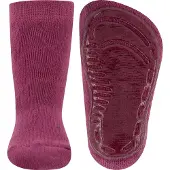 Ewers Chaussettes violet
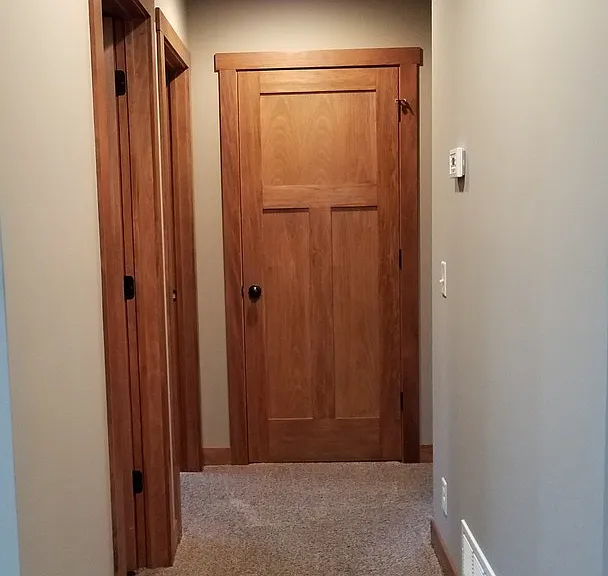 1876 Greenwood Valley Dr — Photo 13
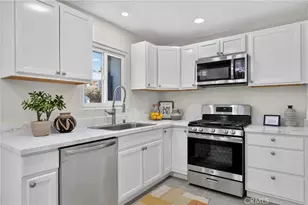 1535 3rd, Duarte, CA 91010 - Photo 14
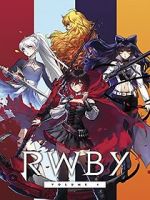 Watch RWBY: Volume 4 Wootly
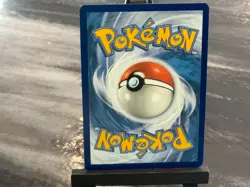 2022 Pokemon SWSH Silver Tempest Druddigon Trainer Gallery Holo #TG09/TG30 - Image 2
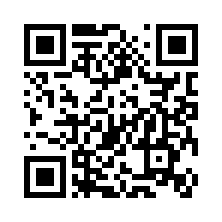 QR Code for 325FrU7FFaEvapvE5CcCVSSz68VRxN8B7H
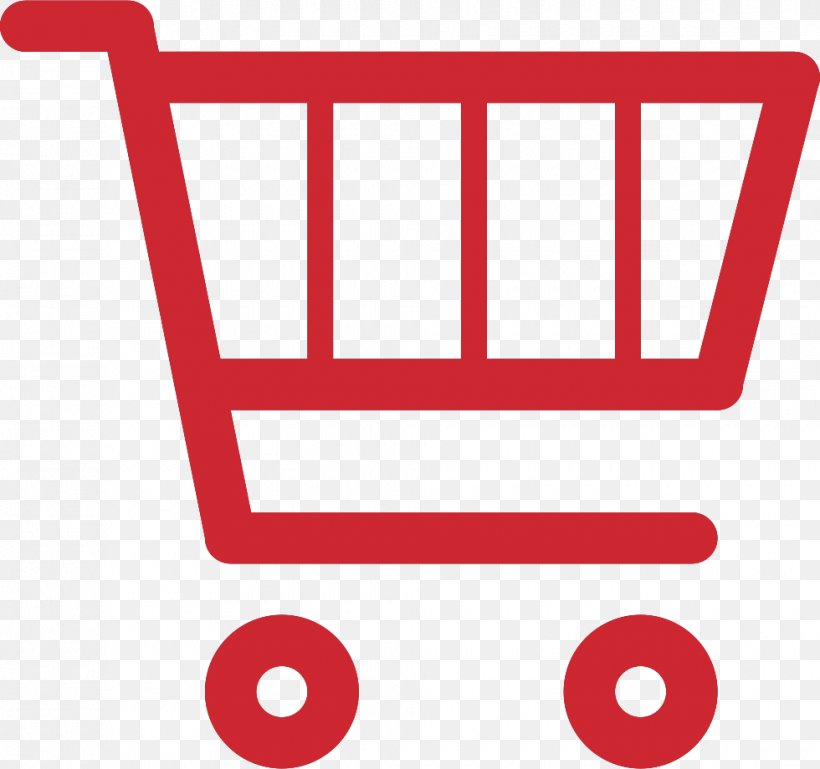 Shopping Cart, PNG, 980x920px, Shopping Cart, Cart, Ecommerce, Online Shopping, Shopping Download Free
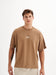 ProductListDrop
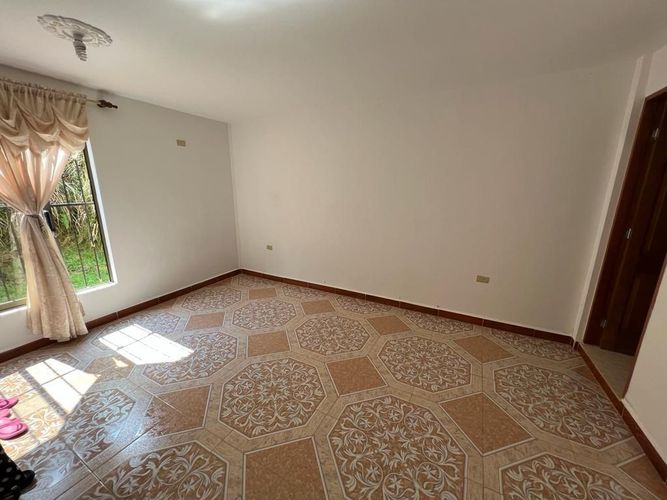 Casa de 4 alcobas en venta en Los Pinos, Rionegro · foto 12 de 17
_____
## WHAT YOU HAVE TO DO
Print all the entries again exactly as written, but without the pictures.

## YOUR SOLUTION
 Ewers Chaussettes violet
 1876 Greenwood Valley Dr — Photo 13
 1535 3rd, Duarte, CA 91010 - Photo 14
 Watch RWBY: Volume 4 Wootly
 2022 Pokemon SWSH Silver Tempest Druddigon Trainer Gallery Holo #TG09/TG30 - Image 2
 QR Code for 325FrU7FFaEvapvE5CcCVSSz68VRxN8B7H
 Shopping Cart, PNG, 980x920px, Shopping Cart, Cart, Ecommerce, Online Shopping, Shopping Download Free
 ProductListDrop
 Casa de 4 alcobas en venta en Los Pinos, Rionegro · foto 12 de 17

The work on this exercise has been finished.